LinuxLists.cc - Union mounts, NFS, and locking

2009-07-14 17:50:05

Subject: Union mounts, NFS, and locking

For now, the union mount developers are assuming that the bottom layer
of a union mount is read-only. This avoids the directory
topology-related problems summarized in this thread:

http://lkml.org/lkml/2008/1/17/4

The problem is making a file system really really read-only and not
letting someone else come along and start sneakily modifying it
underneath us. My superblock readonly users patch
(http://lkml.org/lkml/2009/7/13/243) fixes that for local file
systems, but I'm not sure how to handle NFS mounts as the bottom
layer. The client can mount it read-only, but that puts no
restrictions on the server. However, the kernel can already deal with
things unexpectedly moving/going away on an NFS mount - ESTALE - and
the dentry/inode/etc. won't suddenly disappear in the way they can
with local file systems. Is this good enough for union mounts? Or do
we need to get the NFS server to promise that the exported file system
is really really read-only too?

(Yes, this depends on the actual concrete union mount locking scheme,
but I'm more interested in whether it can or cannot be solved in
principle.)

-VAL

2009-07-14 20:37:19

by Erez Zadok

[permalink] [raw]

Subject: Re: Union mounts, NFS, and locking

In message <20090714201940.GF27582@shell>, Valerie Aurora writes:
> On Tue, Jul 14, 2009 at 02:19:26PM -0400, Erez Zadok wrote:
> > In message <20090714174828.GE27582@shell>, Valerie Aurora writes:
[...]
> > IMHO it's not worth at this stage to try and solve that problem in an
> > end-to-end manner (client to server).

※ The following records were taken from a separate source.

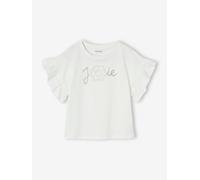vertbaudet Shirt in Weiß - Größe 110 | Baby Shirts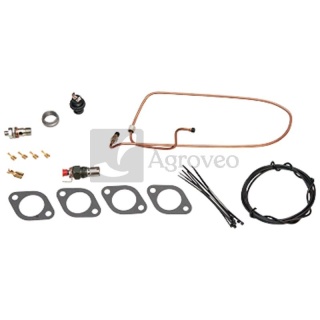 Świeca żarowa płomieniowa zestaw rozruchowy kompletny Ursus C360 65646635981 46.63.598.1 / 46635981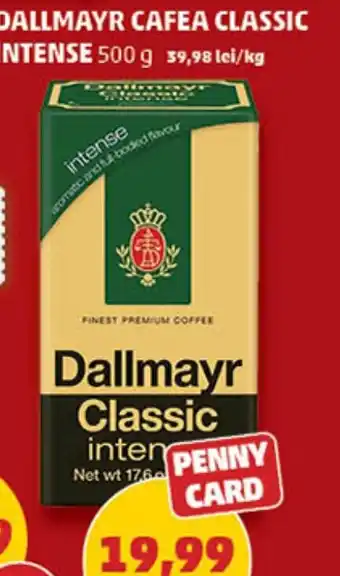 Penny DALLMAYR CAFEA CLASSIC INTENSE Ofertă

For a unioning layer to have to worry
> > about every possible change in any of the layers below it, is no different
> > than for every possible network-filesystem client to be able to guarantee
> > that nothing ever changes on the server unexpectedly: they don't, so why
> > should you have to solve this problem now? Not that I don't think it's an
> > important problem---I just don't see why *you* should have to solve this and
> > not the network-filesystem community: whatever solution that can come up,
> > can be applicable to any unioning layer. In the mean time, do the best you
> > can (e.g., ESTALE, readonly superblocks, etc.).
>
> Okay, so my best idea for a solution is to introduce a new NFS mount
> option that means the server promises that the exported file system is
> read-only (using superblock read-only count scheme locally). E.g.:

How would the server be able to guarantee that? Are you planning to change
the protocol or implementation somehow? Are you assuming that the server
will be running linux w/ special r/o sb support? If so, it won't work on
other platforms (NFS is supposed to be interoperable in principle :-)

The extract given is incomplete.